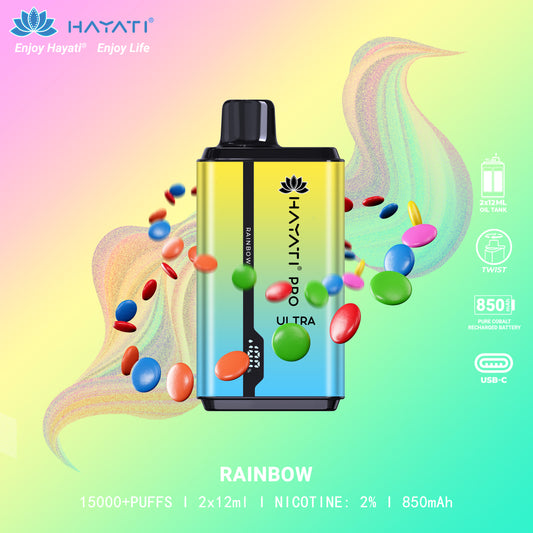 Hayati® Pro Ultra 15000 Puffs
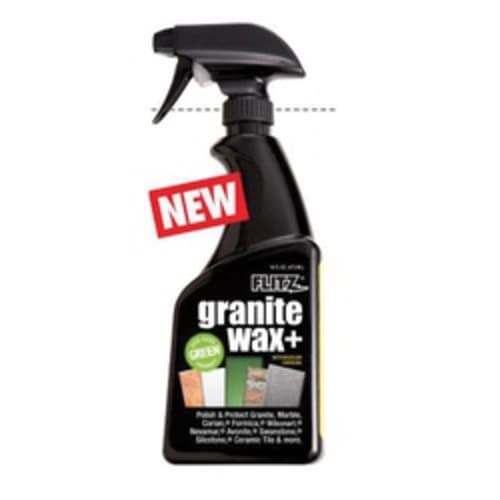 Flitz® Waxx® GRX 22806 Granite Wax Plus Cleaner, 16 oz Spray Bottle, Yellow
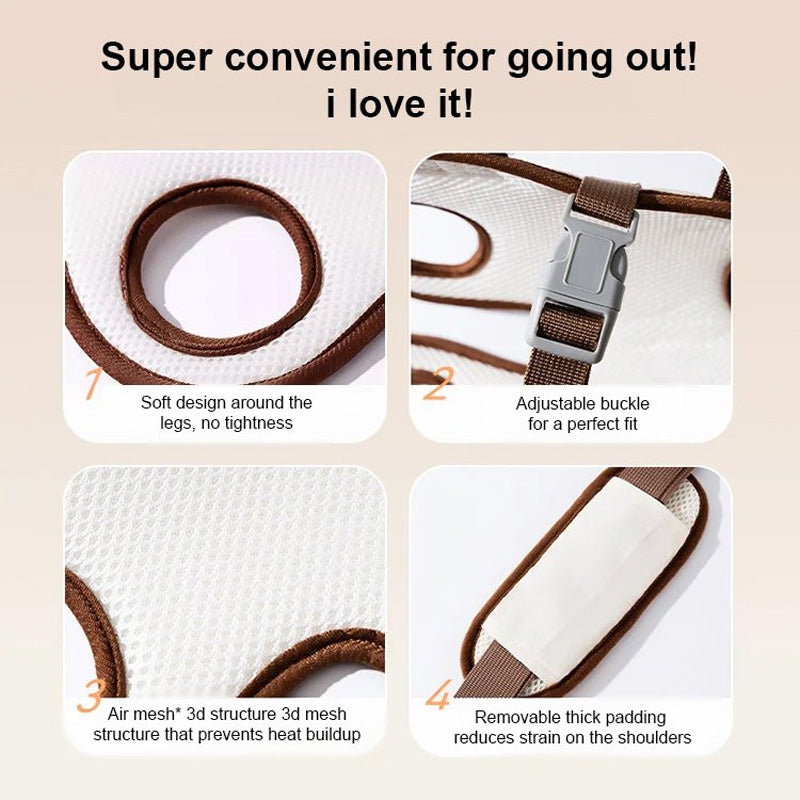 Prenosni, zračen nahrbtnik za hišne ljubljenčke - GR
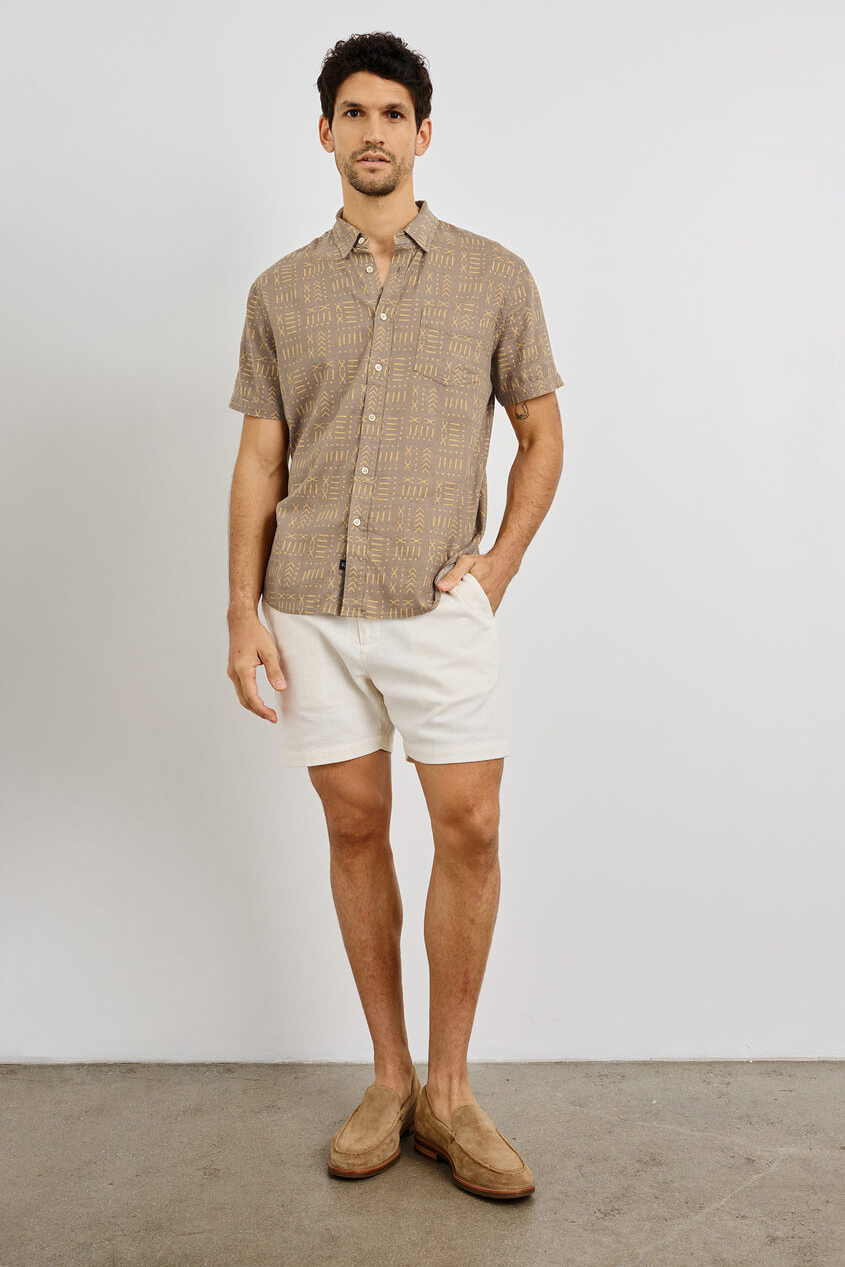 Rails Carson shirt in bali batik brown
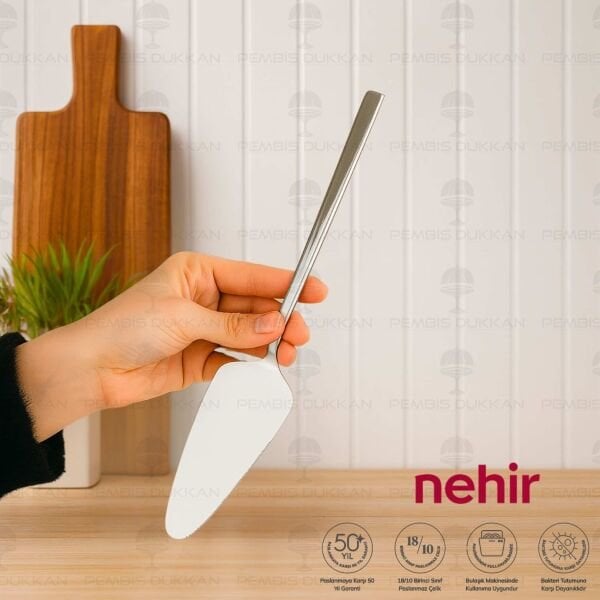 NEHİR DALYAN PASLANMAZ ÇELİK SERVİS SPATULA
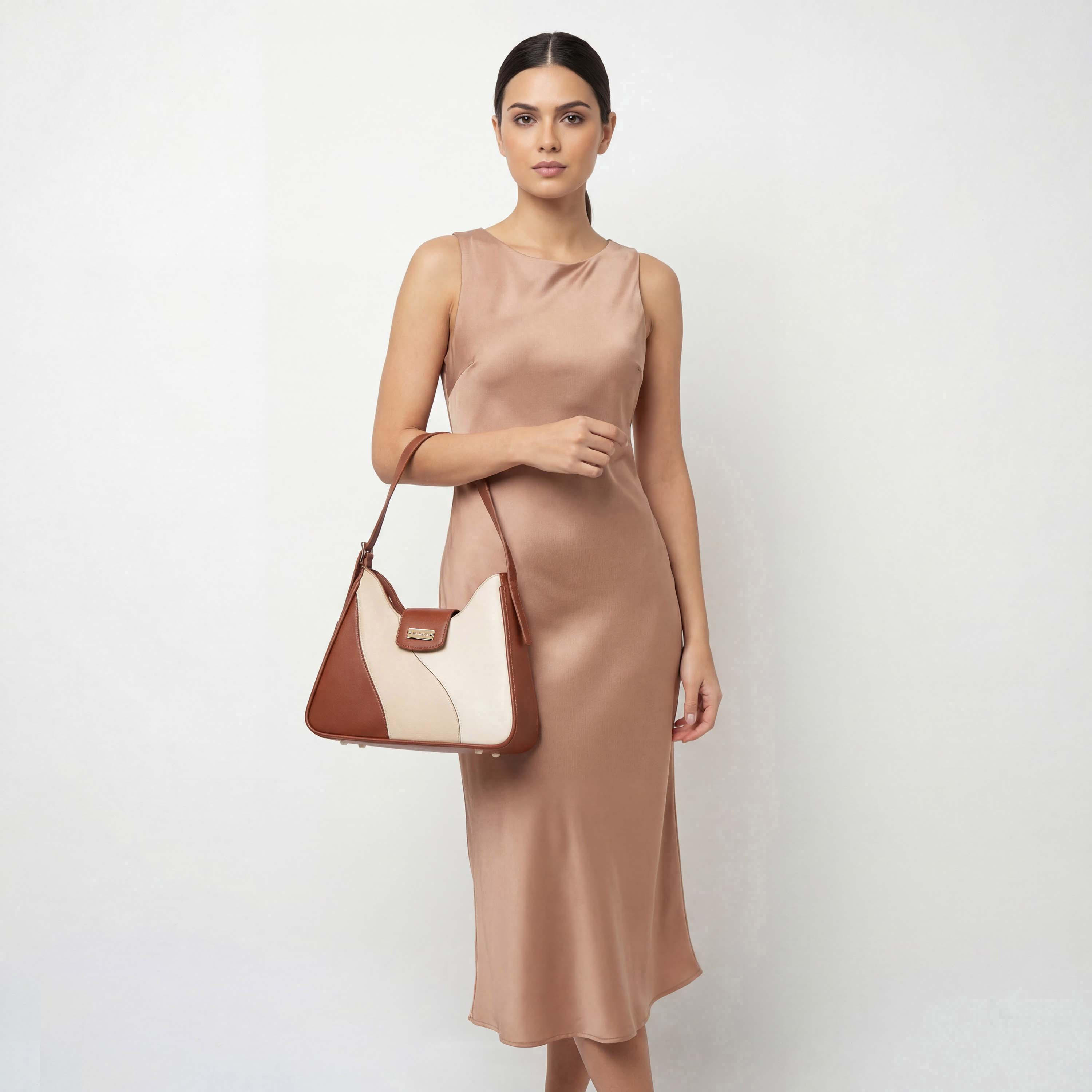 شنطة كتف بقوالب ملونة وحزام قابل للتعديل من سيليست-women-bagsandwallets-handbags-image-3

* **What is required**
Your task is to write out, exactly and without pictures, only the lines from the one holding "Prenosni, zračen nahrbtnik" to the last line of the data.

* **Task response**
 Prenosni, zračen nahrbtnik za hišne ljubljenčke - GR
 Rails Carson shirt in bali batik brown
 NEHİR DALYAN PASLANMAZ ÇELİK SERVİS SPATULA
 شنطة كتف بقوالب ملونة وحزام قابل للتعديل من سيليست-women-bagsandwallets-handbags-image-3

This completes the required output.